- [THE DATA]:
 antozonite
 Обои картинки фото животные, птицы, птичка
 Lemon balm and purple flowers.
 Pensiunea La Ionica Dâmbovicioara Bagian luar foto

- [WHAT THE EXERCISE ASKS]: Return the full data above, line for line.

- [OUTPUT]:
 antozonite
 Обои картинки фото животные, птицы, птичка
 Lemon balm and purple flowers.
 Pensiunea La Ionica Dâmbovicioara Bagian luar foto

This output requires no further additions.